War of Honor is coming, slow and sure. Camp NaNoWriMo added another 25k words.
Here are some of them.
The girl got up, still holding the object in her hand. It dangled down, a string of beads that flashed in the light of the moon, with a heavy cross underneath it. She paused at the foot of the steps, and he could hear clearly enough to make out her words now. “Je vous salue, Marie, pleine de grâces.”
Hail Mary, full of grace.
She grasped the cross firmly and pulled something else from around her neck. Ben pressed further back, ignoring the ache in his heels.
It was time to reach for the gun now.
“What is the end of it all?”
Jaeryn. Charlotte. Matthew. Terry. An earnest, dark-haired girl in France.
There was no happiness in this for all of them.
When he came the next night, Terry sat on the edge of his mattress smoking and looking in a dreaming sort of way across the room. Jaeryn followed his gaze to a polished wooden baby cradle standing alone in a shaft of sunlight. He choked. “What is that?”
“It’s for babies to sleep in, doc. You’ve seen ‘em before.” Terry grinned and blew smoke.
“But why do you—please don’t tell me you promised to look after a baby for someone.”
He picked up the chair and smashed it through the beautiful stained glass in a rain of tinkling ruin. The blue and yellow shards fell like a shower and Gina ducked, throwing her arm over her face. Jaeryn smashed it again and dropped the chair, then picked her up by the waist and raised her to the sill. “Get out and run. Don’t let them see you.”
Far away in the grass, a boy tumbled with his golden puppy, shrieking with laughter. Ben’s face softened as he watched him. If he had a son with curly hair like that, and he could come home after work to family and a puppy and unadulterated joy—
It would be wonderful.
He dropped the crusts into the crumpled brown paper parcel and pulled something else from his pocket—something worn and smooth and wooden, beads that had been between his fingers since he stood in church on tiny legs, looking up at the gray-haired, imposing hero beside him.
“Sé do bheatha, a Mhuire, atá lán de ghrásta,” he breathed, “tá an Tiarna leat.”

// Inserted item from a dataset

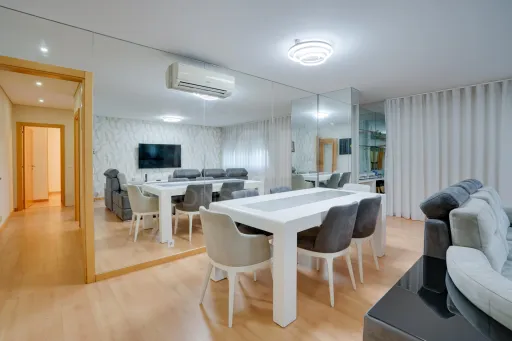 Apartamento T3 Mobiliado | Famões - Urb. Courela dos Fornos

Closer to the house, a gray cat sat on the porch as the cab pulled to a stop, crouched into fighting stance with Percy. Percy crouched low, his fur melting over his paws and shoulders like blue-black ebony. Jaeryn ran up past them both, causing them to break their glare and hiss at him.
He took her out to the cabby. “I may need you to kidnap someone. Or break in somewhere.”
Gina shot him a sideways glance. “When have you ever known me to have a compunction about kidnapping?”
Jaeryn smiled in spite of himself. “Never.”
Ernest picked up the basket and threw back the lid. Inside was a wooden box, two thin books, a dirt-stained hand trowel, and a Browning handgun. He picked up the Browning. The chamber was empty. His eyes met Nathan’s, and Nathan glanced again at the precious bundle of exhaustion lying on the bed. Wordlessly, Ernest picked up her hand and kissed it. “Well done, thou good and faithful servant,” he whispered. “You are worthy to be saluted.”